Altro che rottamazione: alle urne sindaci e consiglieri per eleggere le assemblee. Un antipasto di ciò che accadrebbe con il nuovo Senato

La beffa, domenica si vota per le province abolite

L'Italia sembra il paese della magia. Se una cosa non c'è più, riappare all'improvviso. Ma non è magia. L'Italia è il paese dei trucchi. Dove la regola base della nostra politica è: nulla si crea, nulla si distrugge. Non si governa, si fanno giochi di prestigio. Magari in pochi se ne sono accorti, compresi i cittadini, ma domenica si vota. Si vota per le province. Ma non erano state abolite? Appunto. Ma è proprio questo il trucco. Sono state abolite, ma comunque si vota. Abolite, ma per modo di dire. Abolite per la spending review ma si spende lo stesso. Si pensi che per la sola Sicilia la regione autonoma ha stanziato nove milioni di euro per le ex province. Si vota tra il 28 agosto e l'11 settembre a Macerata, Pavia, Mantova, Campobasso, Vercelli, Treviso, Ravenna. E poi per chiudere in bellezza a Cosenza il 23 ottobre. Il trucco è chiamarle elezioni di secondo grado: non votano gli elettori, ma i sindaci. L'obiettivo è eleggere il presidente della provincia, che avrà un vicepresidente e una struttura di governo. Non è una barzelletta, ma il paradosso è esattamente questo. Si vota per un presidente di qualcosa che sulla carta è stato abolito. Il presidente delle province morte. Sembra un racconto di Pirandello o di Buzzati e invece è la fotografia delle riforme istituzionali all'italiana.

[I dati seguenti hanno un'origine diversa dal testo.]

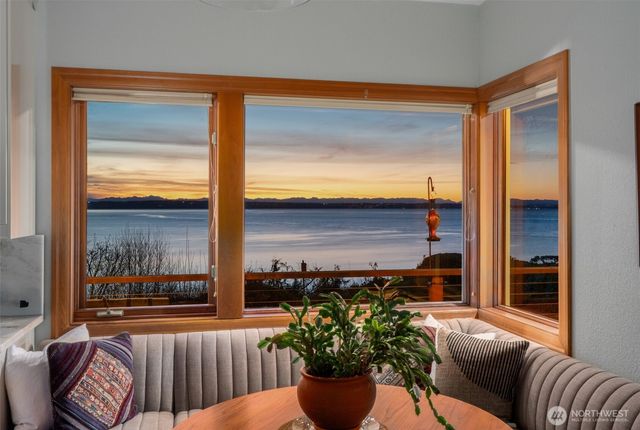 18978 Angeline Avenue NE, Suquamish, WA 98392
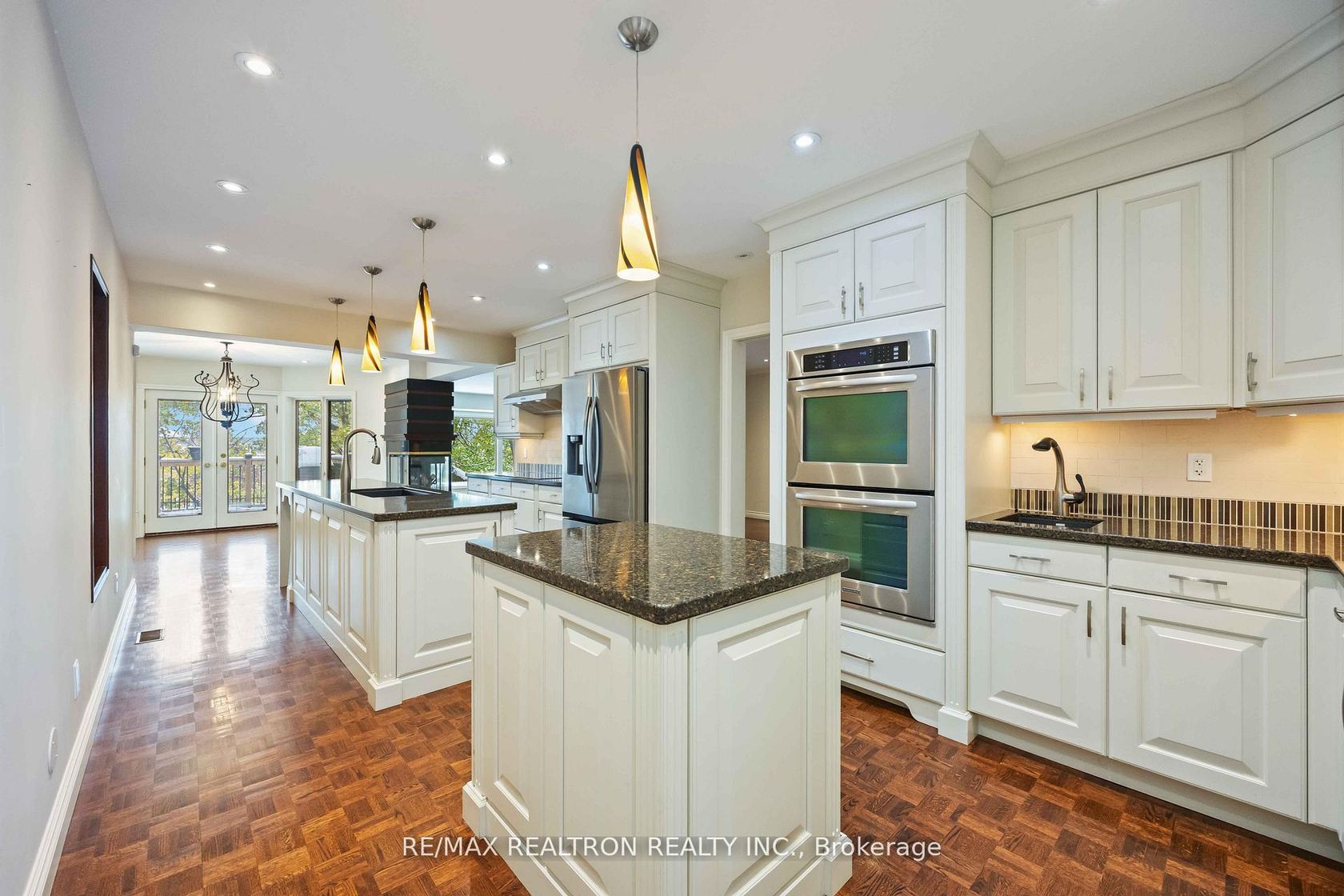 12 Donwoods Drive, York Mills, Toronto 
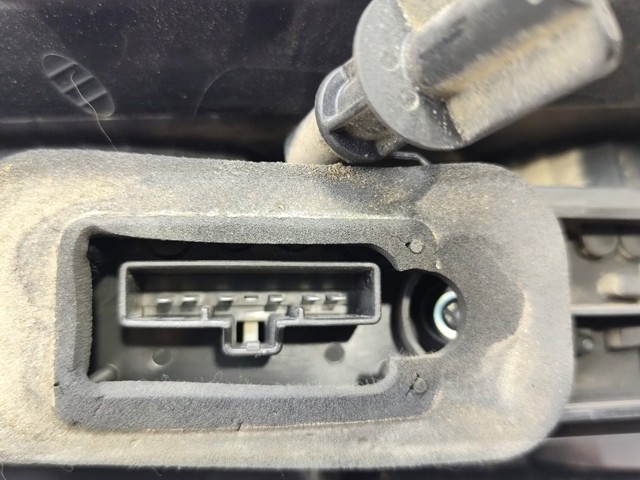 3M5113A602AD FORD Фонарь задний правый купить в Украина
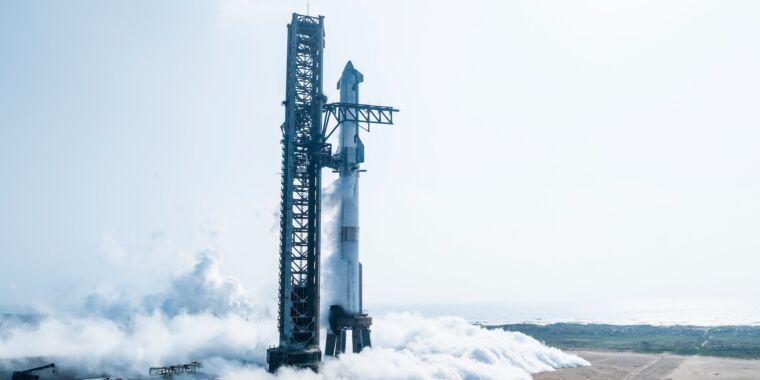 Survivre à la rentrée est l’objectif principal du quatrième vol d’essai du vaisseau spatial de SpaceX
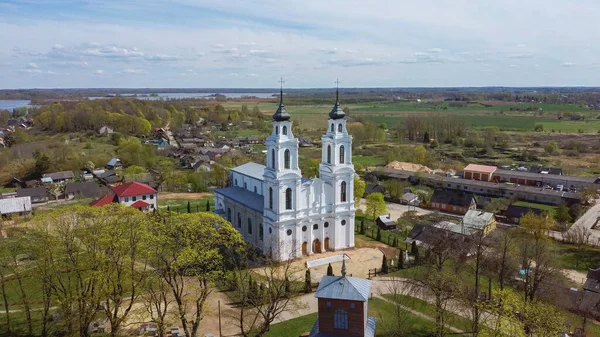 Widok Lotu Ptaka Kościół Rzymskokatolicki Ludzi Łotwa Słoneczna Wiosna — Zdjęcie stockowe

La stessa cosa avverrà con il Senato. In teoria se va in porto il progetto di Renzi il Senato scompare. Una sola Camera basta e avanza. Solo che al posto del vecchio Senato ci sarà un nuovo Senato, la differenza è che i senatori non saranno scelti direttamente dai cittadini ma selezionati tra i consiglieri regionali. È un altro trucco. Il prezzo da pagare per questo spettacolo degno di Silvan è che invece di semplificare si rende tutto più complicato. Il referendum diventa allora una sorta di «Sim Sala Bim», lo stesso Silvan tempo fa svelò che la formula magica viene dal ritornello di una canzone danese, ma di fatto nella politica italiana si può tranquillamente tradurre con un «stai sereno». Renzi non l'ha usata solo per Letta, ma ogni volta che ci ha illuso con i suoi giochi di prestigio: da una parte prendo e dall'altra tolgo. Avete presente gli 80 euro? Il trucco è sempre lo stesso. Matteo voleva il referendum non per abolire il Senato ma per farsi battere le mani, con un plebiscito. Ora che teme i fischi vi racconta che non si va a votare per applaudire il mago, ma per il futuro dell'Italia.

Ma questo più che un trucco è una presa per i fondelli. Allora attenzione, se il presidente del Consiglio vi dice «Sim Sala Bim», fa apparire e scomparire le cose, non state per niente sereni. Vi sta semplicemente fregando.